Fait à BIOT, le 30 Septembre 2025 En 4 exemplaires originaux, un pour chaque partie signataire, un pour le dépôt au Greffe du Conseil de prud’hommes de Grasse, et un tenu à la disposition du personnel,
PROCES VERBAL DE CONSULTATION DES MEMBRES DE LA DELEGATION DU PERSONNEL DU CSE D’EURECOM
Lors de plusieurs réunions depuis le 13 Avril 2023, le Comité Social et Economique d’EURECOM a été consulté sur le projet d’accord collectif d’entreprise relatif à la durée du travail.
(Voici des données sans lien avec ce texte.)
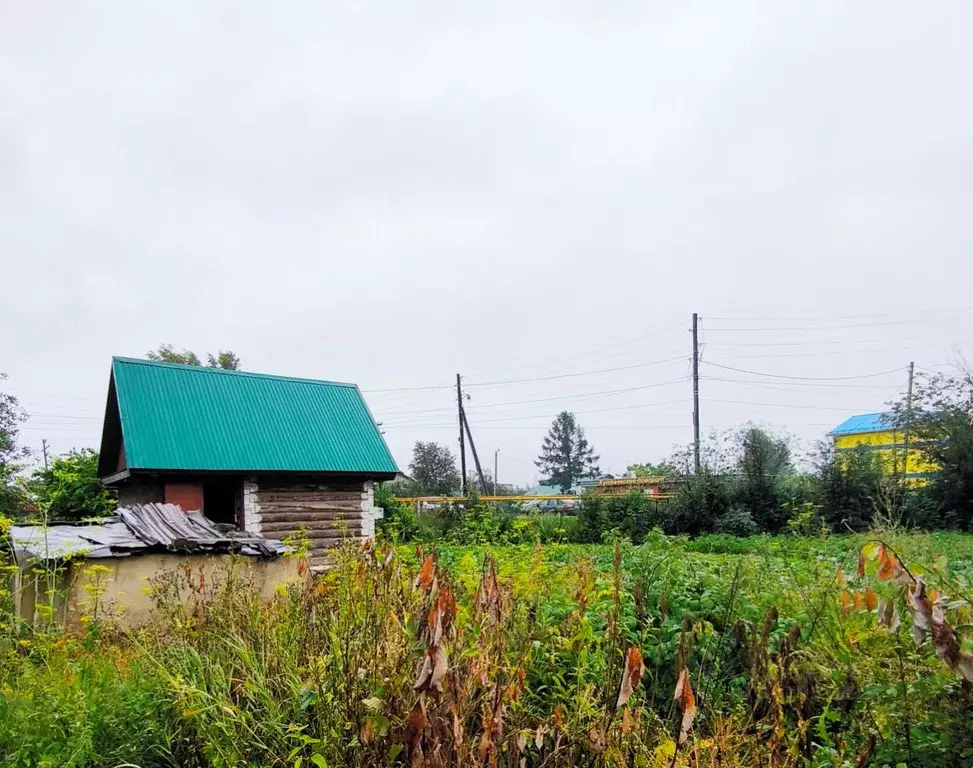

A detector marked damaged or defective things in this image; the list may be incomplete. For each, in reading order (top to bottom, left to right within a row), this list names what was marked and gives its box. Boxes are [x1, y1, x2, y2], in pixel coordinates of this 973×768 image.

rusty corrugated metal sheet [106, 358, 394, 474] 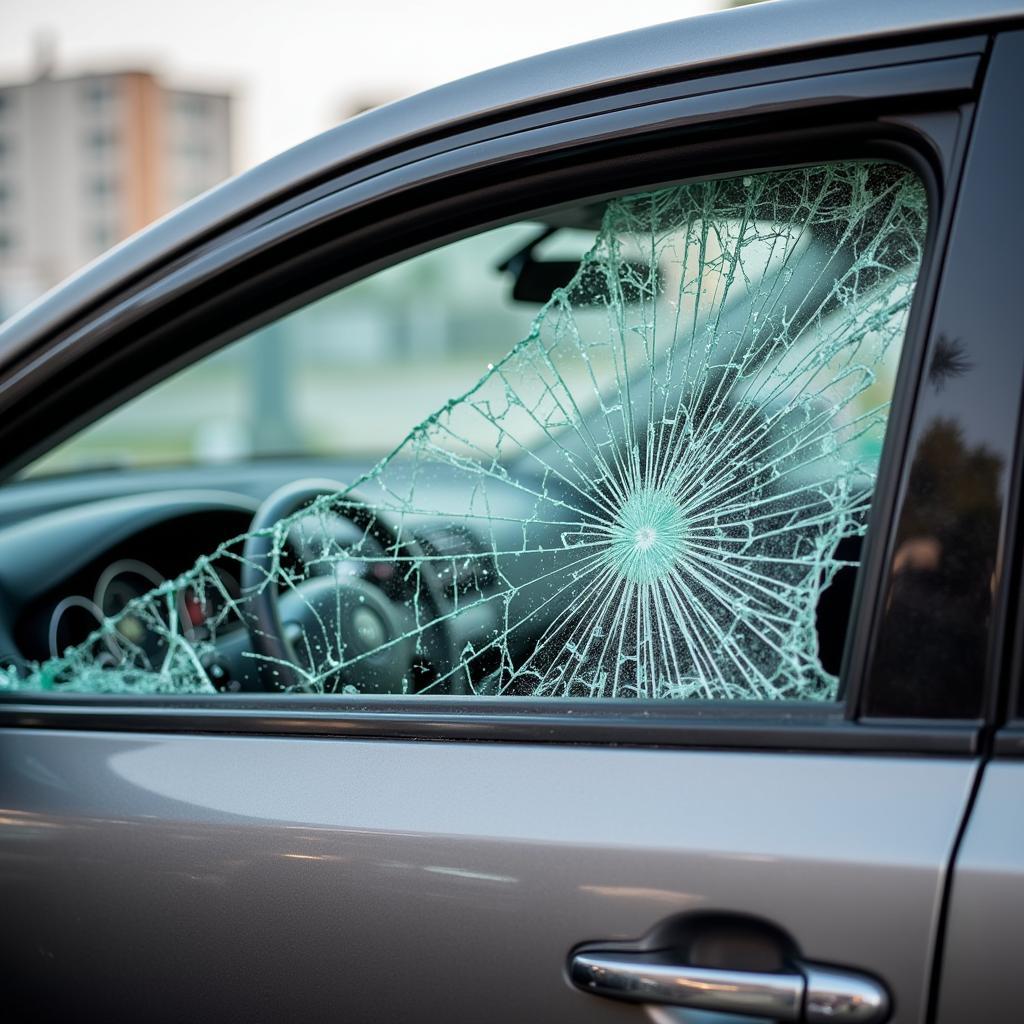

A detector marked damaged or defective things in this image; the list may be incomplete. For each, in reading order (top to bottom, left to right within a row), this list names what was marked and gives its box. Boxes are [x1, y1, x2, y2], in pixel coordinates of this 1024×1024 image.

shattered car window [0, 159, 929, 700]
broken glass fragment [0, 161, 929, 704]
La question suivante a été posée :
Êtes-vous d’accord pour ratifier le projet d’accord collectif relatif à l’aménagement du temps de travail proposé par la Direction ?
À cette question, il a été répondu de la façon suivante :
Oui : 6 voix,
Non : 0 voix,
Abstentions : 0 voix
La majorité ayant été obtenue, l’accord collectif d’entreprise proposé par la Direction d’EURECOM est adopté.
Le présent procès-verbal sera joint, à titre d’annexe, lors du dépôt du présent accord collectif aux services de la DREETS et au Greffe du Conseil de prud’hommes de GRASSE.